The base of the shelving unit is made from blue Valchromat, a through-colour particleboard that’s like a more robust version of MDF; the same material is used for the large sliding door opposite, which leads upstairs. Allen, like many contemporary architects, has mastered the art of using detailing and craftsmanship to elevate fairly simple materials, and in this case the blue door’s giant semicircular brass handle gives it a more opulent look.

The green concrete kitchen worktop was a freebie from their contractor, who was keen for the opportunity to experiment. “It’s a bit warts-and-all,” says Allen of the result, “it’s not treated with sealant so it does stain quite a lot, but if you need to you can just grind the top off.” He has a similar affection for the patina on the brass shower and taps in the bathroom, where the uncoated brass will tarnish over time. It sounds effortless but the opposite is true: in order to have a natural brass finish on the taps, he had to send off chrome-plated ones to be stripped, while the pipe-like shower came from a company than bends brass pipes – Allen gave them a call to ask what the biggest pipe he could get was, then a spot-welder attached the wallplates to it.

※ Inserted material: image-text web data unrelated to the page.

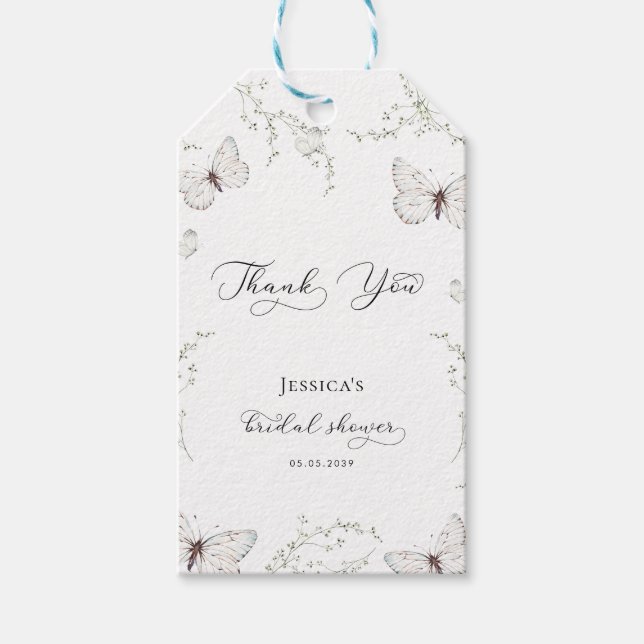 Tack av vit fjäril Garden Möhippa Presentetikett (Framsidan)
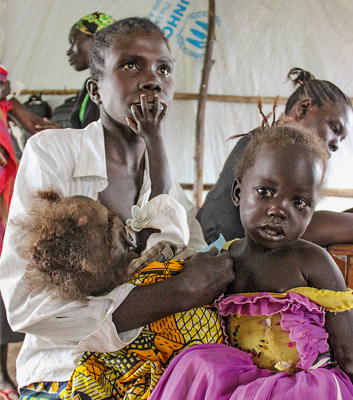Refugees from South Sudan in a reception camp on the Ugandan border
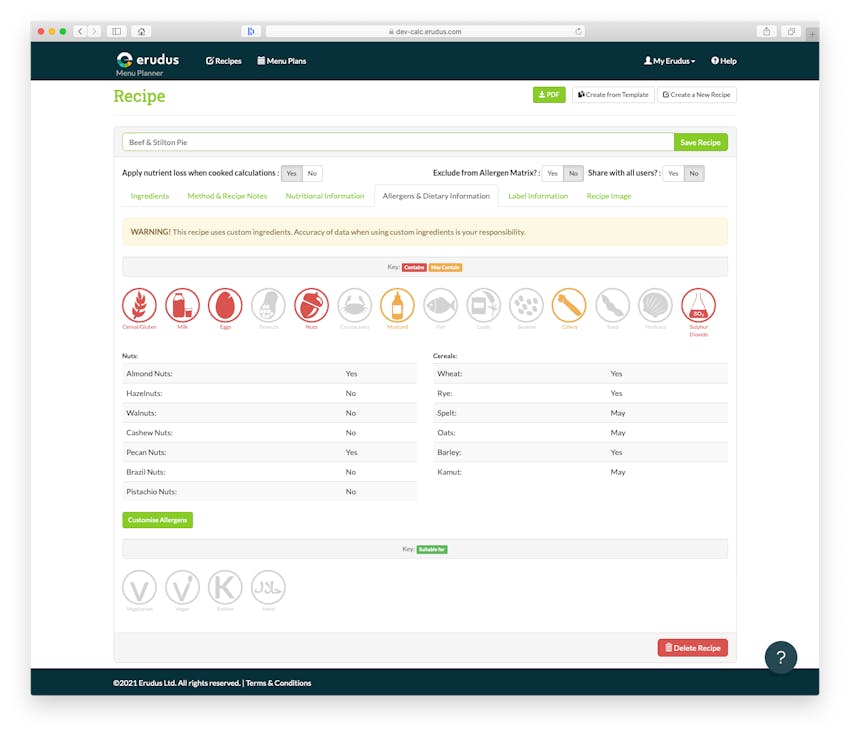 Updates to Erudus Recipe Builder - Allergy and Dietary Information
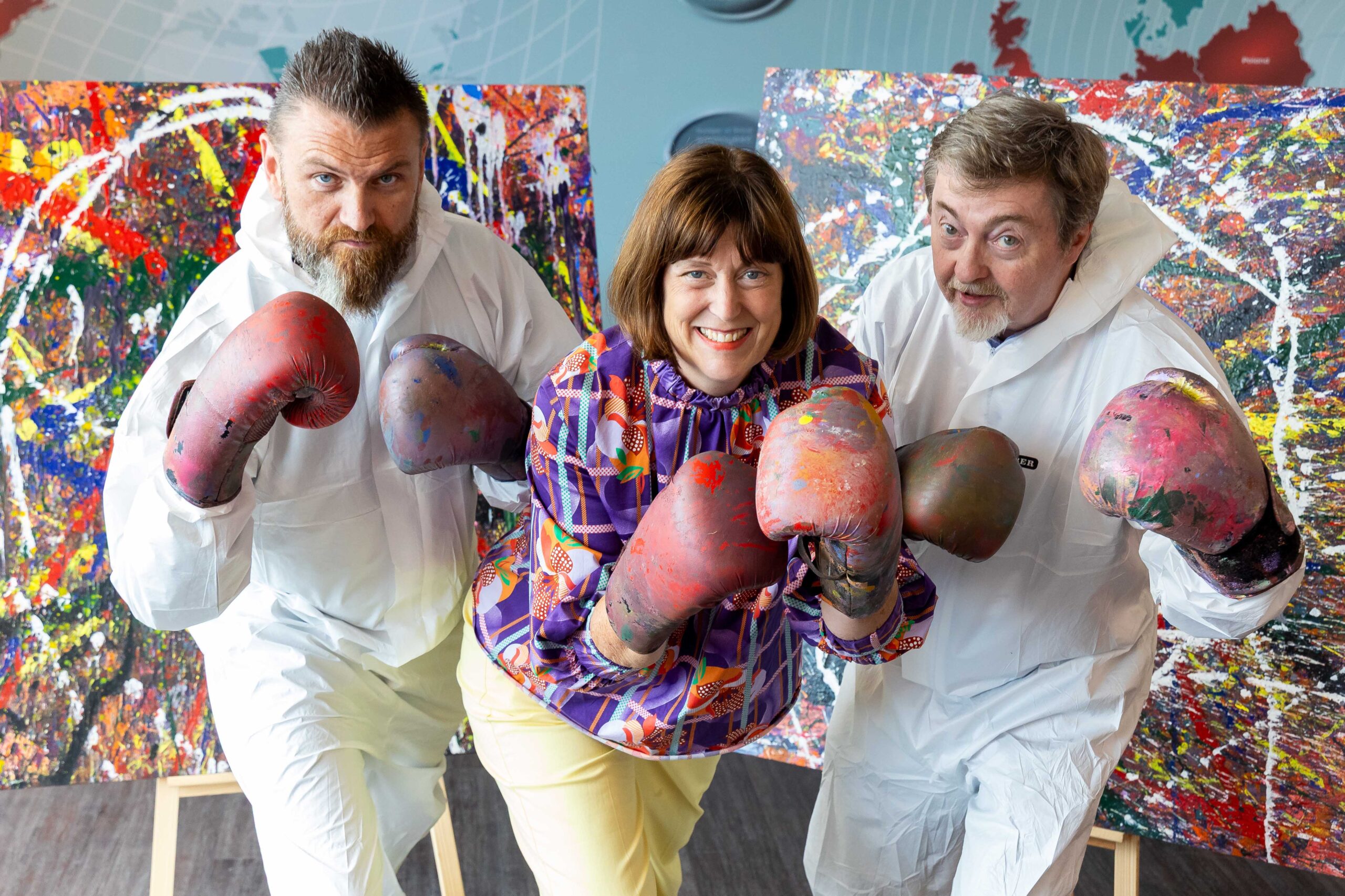 Rob Parkes, Donor; Deirdre Mortell, CEO Rethink Ireland, and Padhraic Hastings, Chair, The Gaff, pictured at EI Electronics Campus, Shannon, as Rethink Ireland announces the nine awardees of its €672,000 Impact Fund for Munster 2024. Among them is Limerick Theatre & Performance Hub aka The GAFF’s Paint Punch Munster — a creative project using boxing-themed painting workshops to support young Traveller men’s mental health and cultural expression. Learn more at rethinkireland.ie. Picture: Michael O'Sullivan / OSM PHOTO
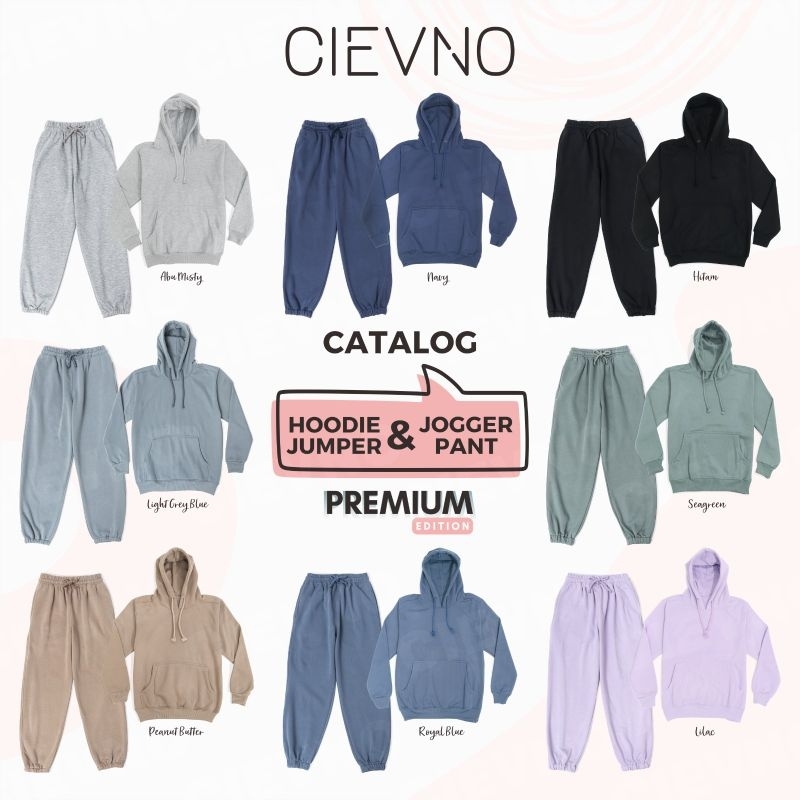 ONE SET HOODIE JUMPER + CELANA JOGGER PREMIUM SEAGREEN (PRIA&amp;WANITA)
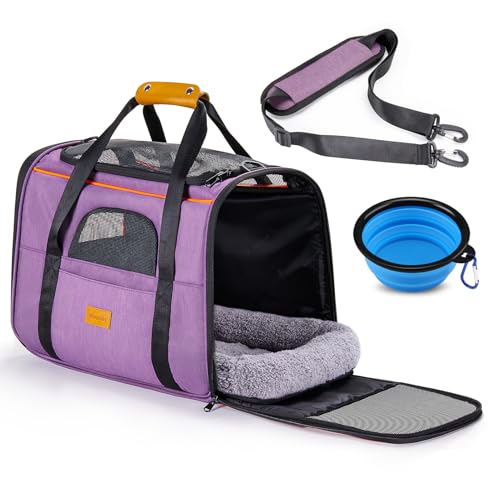 Morpilot Sac Transport Chat Chien, Caisse de Transport Respirant et Pliable Cage avec Matelas en...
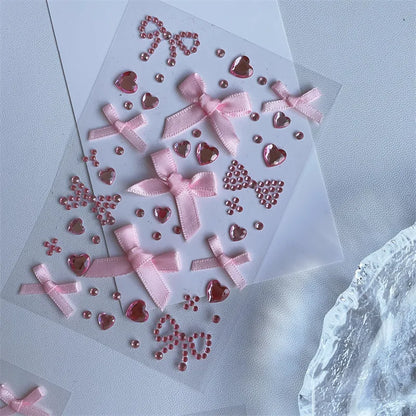 DIY Decor Kpop Photocard Sticker 3D Stereo Bow Heart Style Scrapbook Journal Stuicker Cute Pink Red Color Phone Shell Sticker Beauty World Shop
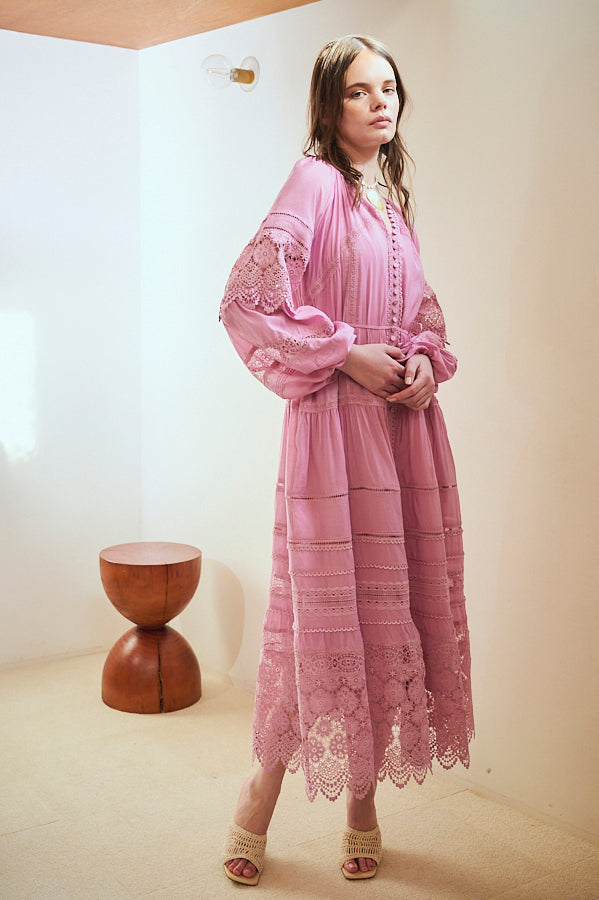 Nora Lace Trim Dress 2 -Pink- – Estella.K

Allen dubbed his home a “cabinet of experiments” because of its speculative approach, which has paid off in terms of showing people what his practice is capable of: one client has recently opted for a bathroom in wall-to-wall green concrete, with uncoated brass for the taps similar to his. None of this took shape in the manner it might have done if he had been working with a client, where a detailed plan is agreed before the work is carried out: instead, this was a learn-as-you-go process. “I was my own worst client,” Allen confides. “Our poor builder was around for about a year and a half, while we just kept on putting more things in.”